Laura Dern délurée puis…
La plus ardente et délurée de la petite bande : Connie, 15 ans, en proie à d’incoercibles poussées libidinales qu’accusent, et sa frustration d’adolescente point encore déflorée, et les rapports tendus qu’elle entretient avec sa génitrice, femme au foyer bien intentionnée mais oppressante, et décidément mieux en phase avec la sœur cadette de Connie, plus soumise à la routine domestique.

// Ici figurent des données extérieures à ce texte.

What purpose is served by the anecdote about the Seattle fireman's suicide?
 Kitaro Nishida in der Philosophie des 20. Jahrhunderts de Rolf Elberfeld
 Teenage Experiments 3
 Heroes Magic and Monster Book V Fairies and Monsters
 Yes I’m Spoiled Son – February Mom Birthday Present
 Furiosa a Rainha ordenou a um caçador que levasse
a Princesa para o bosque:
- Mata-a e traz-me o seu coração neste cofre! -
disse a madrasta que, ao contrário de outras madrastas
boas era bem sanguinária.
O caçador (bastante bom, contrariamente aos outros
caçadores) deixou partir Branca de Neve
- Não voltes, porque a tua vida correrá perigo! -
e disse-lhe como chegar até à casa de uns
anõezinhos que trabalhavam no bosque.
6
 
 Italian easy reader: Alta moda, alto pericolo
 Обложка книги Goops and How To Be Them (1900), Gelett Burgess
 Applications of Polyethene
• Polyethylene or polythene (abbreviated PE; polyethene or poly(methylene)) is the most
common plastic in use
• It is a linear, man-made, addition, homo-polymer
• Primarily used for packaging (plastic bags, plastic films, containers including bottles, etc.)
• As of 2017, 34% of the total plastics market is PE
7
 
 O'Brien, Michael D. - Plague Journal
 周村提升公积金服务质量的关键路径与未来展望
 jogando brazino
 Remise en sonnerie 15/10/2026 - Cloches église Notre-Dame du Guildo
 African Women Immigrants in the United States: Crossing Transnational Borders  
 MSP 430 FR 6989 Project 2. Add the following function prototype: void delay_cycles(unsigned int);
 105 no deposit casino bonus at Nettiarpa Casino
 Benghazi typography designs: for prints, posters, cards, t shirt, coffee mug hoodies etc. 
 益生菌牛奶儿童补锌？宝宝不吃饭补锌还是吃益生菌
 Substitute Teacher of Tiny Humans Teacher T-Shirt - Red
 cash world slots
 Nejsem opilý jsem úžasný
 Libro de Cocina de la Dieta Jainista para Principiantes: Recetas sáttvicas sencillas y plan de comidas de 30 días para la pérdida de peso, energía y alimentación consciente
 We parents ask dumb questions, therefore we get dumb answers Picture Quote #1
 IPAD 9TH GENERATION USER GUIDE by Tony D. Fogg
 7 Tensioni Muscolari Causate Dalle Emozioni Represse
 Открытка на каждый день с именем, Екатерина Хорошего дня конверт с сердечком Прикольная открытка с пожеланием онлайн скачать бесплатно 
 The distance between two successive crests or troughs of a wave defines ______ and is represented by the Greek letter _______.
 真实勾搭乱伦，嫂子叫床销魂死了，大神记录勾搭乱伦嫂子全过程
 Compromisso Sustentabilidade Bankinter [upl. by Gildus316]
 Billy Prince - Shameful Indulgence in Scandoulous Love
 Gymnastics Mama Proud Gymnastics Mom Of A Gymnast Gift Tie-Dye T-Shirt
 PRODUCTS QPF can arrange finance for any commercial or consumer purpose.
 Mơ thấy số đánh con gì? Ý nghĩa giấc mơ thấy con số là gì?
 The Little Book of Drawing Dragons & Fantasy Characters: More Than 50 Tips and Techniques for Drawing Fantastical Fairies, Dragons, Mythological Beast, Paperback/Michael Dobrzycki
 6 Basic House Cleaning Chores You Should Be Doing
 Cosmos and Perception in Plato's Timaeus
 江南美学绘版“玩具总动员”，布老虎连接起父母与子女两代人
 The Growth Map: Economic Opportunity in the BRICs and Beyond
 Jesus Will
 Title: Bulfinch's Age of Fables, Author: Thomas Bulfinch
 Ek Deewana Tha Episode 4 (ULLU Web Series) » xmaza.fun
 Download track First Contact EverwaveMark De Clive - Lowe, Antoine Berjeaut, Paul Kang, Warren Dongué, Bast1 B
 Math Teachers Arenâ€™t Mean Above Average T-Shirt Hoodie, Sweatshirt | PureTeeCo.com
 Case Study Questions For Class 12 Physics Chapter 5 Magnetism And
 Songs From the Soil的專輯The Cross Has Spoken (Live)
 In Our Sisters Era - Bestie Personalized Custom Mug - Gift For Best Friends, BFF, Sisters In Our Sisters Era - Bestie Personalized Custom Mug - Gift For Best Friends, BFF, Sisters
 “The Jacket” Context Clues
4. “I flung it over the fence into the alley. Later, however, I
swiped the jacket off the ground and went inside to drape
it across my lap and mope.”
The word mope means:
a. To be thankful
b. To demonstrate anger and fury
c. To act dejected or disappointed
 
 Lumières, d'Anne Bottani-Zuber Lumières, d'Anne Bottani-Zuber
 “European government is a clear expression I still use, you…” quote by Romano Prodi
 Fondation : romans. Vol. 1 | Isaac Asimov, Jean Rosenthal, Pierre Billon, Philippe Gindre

Dans le rôle rebelle de Connie, la fraîche et future star Laura Dern (née en 1967, la comédienne n’a pas 18 ans au moment du tournage), immortalisée par la suite, comme l’on sait, par David Lynch grâce à Blue Velvet, Sailor et Lula, Inland Empire, Twin Peaks… En attendant, Smooth Talk mérite d’autant plus de se voir exhumé aujourd’hui par les soins de Carlotta Films, que cette « comédie dramatique », comme on dit, dresse une image de la féminité aux antipodes de la sanctification victimaire opérée de nos jours par les Torquemada du woke à l’endroit de la gente masculine. De fait, au moins dans la première partie du film, ce sont bel et bien les filles qui, à deux doigts du « passage à l’acte », « agressent » sexuellement les petits puceaux. Lesquels, en retour, partent battus d’avance dans leur drague maladroite ou lourdingue.
… sous « emprise »
Aujourd’hui âgée de 87 ans, la réalisatrice Joyce Chopra n’a jamais que deux longs métrages au compteur. Après l’échec commercial du second The Lemon Sisters, elle enchaînera les téléfilms et les séries américaines pur jus. Millésimé 1985, ce film inaugural échappe assez subtilement aux clichés d’époque sur la jeunesse débile et consumériste yankee : dans la seconde partie, les parents et leur seconde fille se sont barrés pour un barbecue chez des amis, festivité auquel Connie, particulièrement sur les nerfs, a décidé de se soustraire. La voilà donc laissée seule dans la maison isolée quand, dans le jardin, déboule au volant de son américaine décapotable tape-à-l’œil, flanqué d’un passager mutique, vaguement inquiétant avec son transistor rivé à l’oreille, ce garçon mystérieux, plus âgé que la moyenne, et qui lui tournait déjà autour – enjôleur, doucereux, hypnotique. « Arnold Friend » – c’est son nom, calligraphié même sur la carrosserie – parvient à arracher la demoiselle – passive paniquée, fascinée – à son home : aujourd’hui, on ne manquerait pas de la dire « sous emprise ». L’ami Arnold Friend l’entreprend avec beaucoup d’adresse, jusqu’à la persuader de « faire un tour » avec lui en caisse dans la cambrousse, tandis que le compère prend ses aises sur place, dans l’attente de leur retour, chose faite. Ce qui s’est passé dans les herbages restera hors champ. On peut parier qu’un tel « viol » ne souffrirait pas, en 2024, de se voir ainsi suggéré dans cette elliptique ambiguïté. Car en 2024, l’équivoque n’est plus de mise. Si la Femme est victime, il faut que l’Homme soit coupable ; il n’y a pas de prédatrice, il n’y a que des prédateurs. Adaptation talentueuse d’un texte de la prolifique Joyce Carol Oates, cette « conversation douce » murmure a contrario la dangereuse incertitude du désir.
Smooth Talk. Film de Joyce Chopra. Avec Laura Dern et Treat Williams. Etats-Unis, couleur, 1985. Durée : 1h31. Blu-Ray Carlotta Films (restauration 4K).